TASK DIRECTIONS
Once the pictures are set aside, repeat all of the data below exactly.
___ DATASET EXTRACT
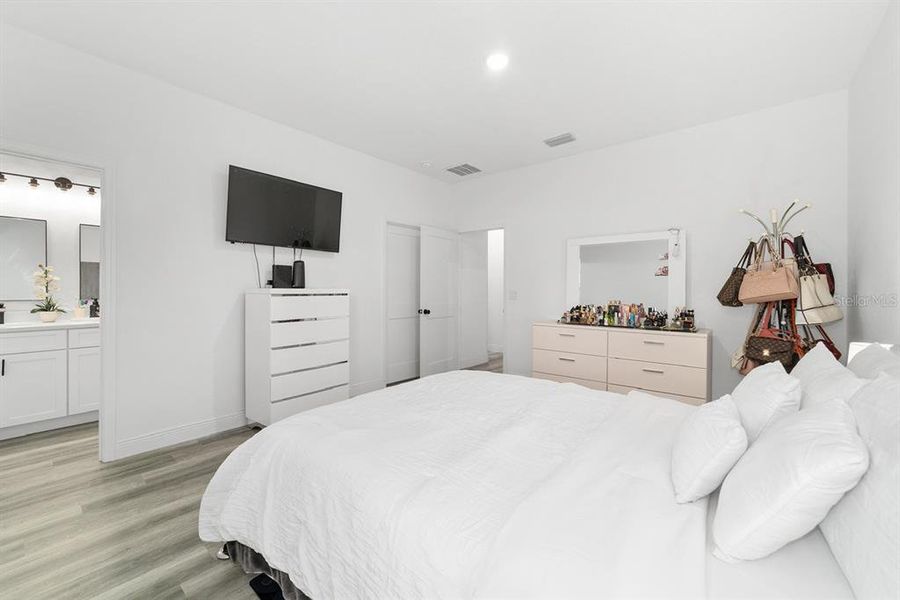 Furnished interior view inside a new home in , Ocala (Image 41).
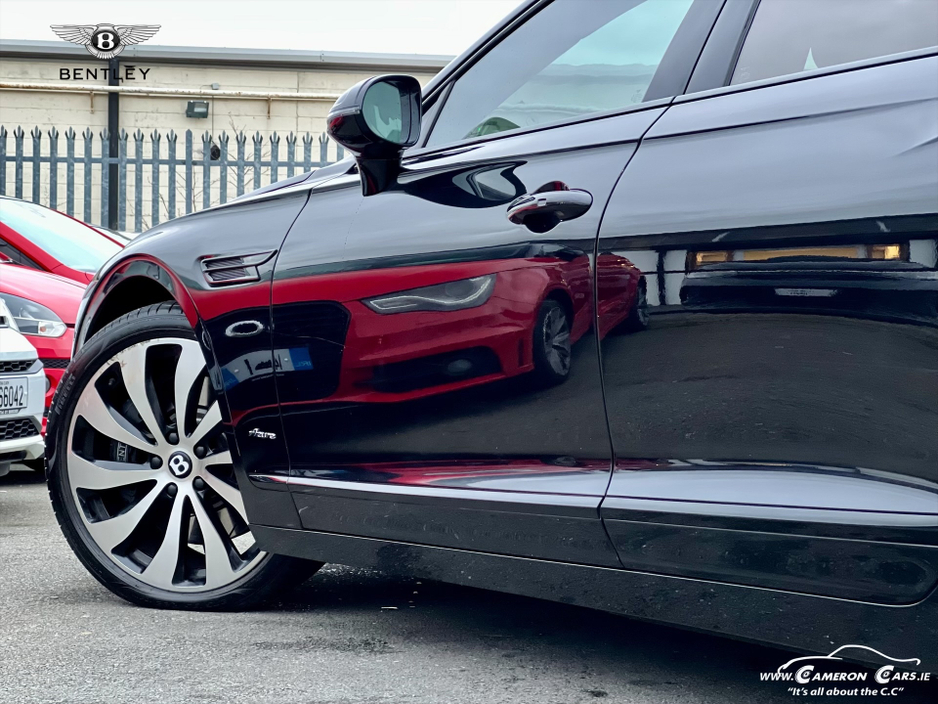 2023 Bentley Flying Spur AZURE €209,950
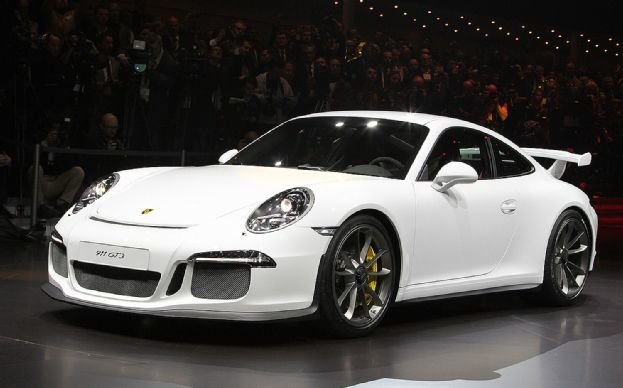 2014-Porsche-911-GT3-front-three-quarter_bd6e2eb9b94042b8d3f93804d159a815d36af87f.jpg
______
EXPECTED OUTPUT
 Furnished interior view inside a new home in , Ocala (Image 41).
 2023 Bentley Flying Spur AZURE €209,950
 2014-Porsche-911-GT3-front-three-quarter_bd6e2eb9b94042b8d3f93804d159a815d36af87f.jpg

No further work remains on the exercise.